Amidst all the reasons to put “Go to protest rally” on your to-do list, the first one is to shock you out of your sense that you are carrying the pain of the world alone. Yes, you can get a sense that others feel similar things reading posts on social media or articles or books. But you don’t really know it viscerally in your bones until you show up and feel the energy of 50,000 people gathered together. The understandable despondency and despair and hopelessness we feel with each new assault reported in the mainstream media—Poof! Vanished in a flash. It will come back, for sure, and understandably so. But in that moment of gathering, you feel the tangible power of the group mind carrying the vibration of care and compassion.

 

My first rally yesterday was at Ocean Beach in San Francisco, where a few thousand spelled out with their bodies the message above. I was standing at the wall observing them when someone cranked up John Lennon singing Imagine. As he sang, “You may say I’m a dreamer, but I’m not the only one,” I pointed out to the people on the beach and thought, “You got that right, John!”


There were an estimated 2,600 different rallies across the U.S.— and more internationally in places like Korea and Ireland!— and an estimated 7 million people who took time out of their day to make it clear: “Not in my name.” 7 million! It was the largest known protest in the history of our country!

 

There’s more good news. I’ve been at protests since 1969 and often the dominant energy has been anger and the dominant action is confrontation with police. A lot of ugly (though deserved) name calling from the marchers to the soldiers or police paid to defend the undefendable. In my time the issues included the violation of civil rights, Vietnam war atrocities, homophobia, nuclear arms buildup, the Iraq war, police brutality and murder, women’s rights, environmental destruction. Now with this regime, the issues are equally undefendable and the consequences as serious. But with the growth of our collective frontal lobes, our gradual understanding that violence begets violence no matter how justified it seems, the whole tone of these rallies has changed. There is humor and whimsy and dancing and inflatable animals and an overall life-affirming spirit without diminishing one iota the seriousness of these threats to our democracy.

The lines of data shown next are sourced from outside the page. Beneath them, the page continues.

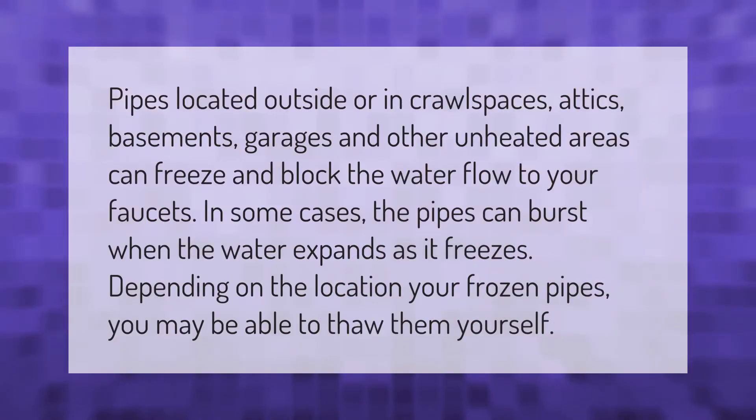Pipes located outside or in crawl spaces, attics, basements, garages, and other unheated areas can freeze and block the water flow to your faucets. In some cases, the pipes can burst when the water expands as it freezes. Depending on the location of your frozen pipes, you may be able to thaw them yourself.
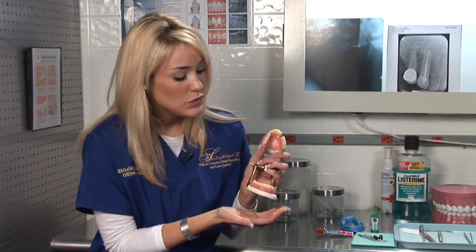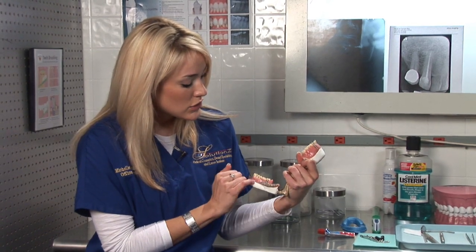A dental bridge is a great treatment option, especially if you have an empty space in that area. Once again, my name is Michelle, I'm a dental assistant with Solutions, and I've just explained to you what a dental bridge is.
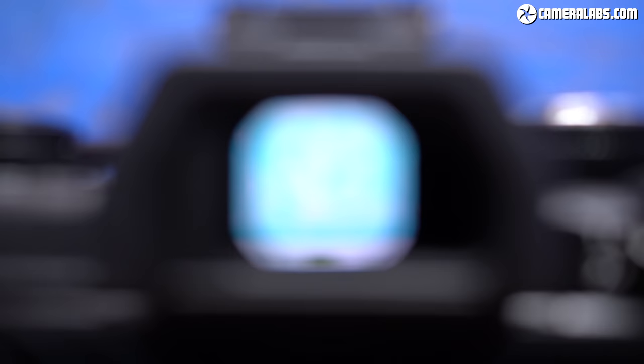Now it's time to talk about composition. The E-M5 Mark III has switched its electronic viewfinder from an LCD panel to an OLED panel — it's 2.36 million pixels, which places it exactly in line with its rivals. However, the magnification is 0.68x, which is actually smaller than its predecessor — so when you switch from the Mark II to the Mark III you actually get a smaller viewfinder image.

For those brainwashed by the Fox News rhetoric, it’s just possible that it might be hard for them to take seriously the term “terrorists” applied to elder women playing ukeleles, the word “vermin” thrown out to describe the kind nurse who helped you, the lovely teacher who cares for and about your child, the grandparents holding their homemade sign up while sitting in their wheelchair. 

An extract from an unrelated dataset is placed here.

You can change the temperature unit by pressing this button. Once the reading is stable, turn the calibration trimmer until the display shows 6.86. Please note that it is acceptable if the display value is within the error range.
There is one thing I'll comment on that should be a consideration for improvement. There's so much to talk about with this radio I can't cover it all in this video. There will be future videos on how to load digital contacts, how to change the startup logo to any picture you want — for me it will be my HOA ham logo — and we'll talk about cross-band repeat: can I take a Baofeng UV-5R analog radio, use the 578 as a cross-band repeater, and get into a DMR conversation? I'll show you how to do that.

And another milestone. Not a single arrest, damage to property or act of violence. We were prepared to be taunted by MAGA plants or counter-protestors, but they never came. And if they had, we were ready to not engage, stay calm and march on. 

 

Well into his 90’s, our elder patriot statesman Noam Chomsky modeled how to resist with relentless intelligence. When asked by a student how to change the world, he would smile and say, Start by noticing who benefits when you stop paying attention.”

 

The people wreaking havoc on our world have indeed benefitted enormously (monetarily, at least—we’ll see what St. Peter has to say to them), but now 7 million plus are starting to pay attention. The tide is turning. We are no longer alone. We are alone together.*

 

* Also the name of a great jazz tune.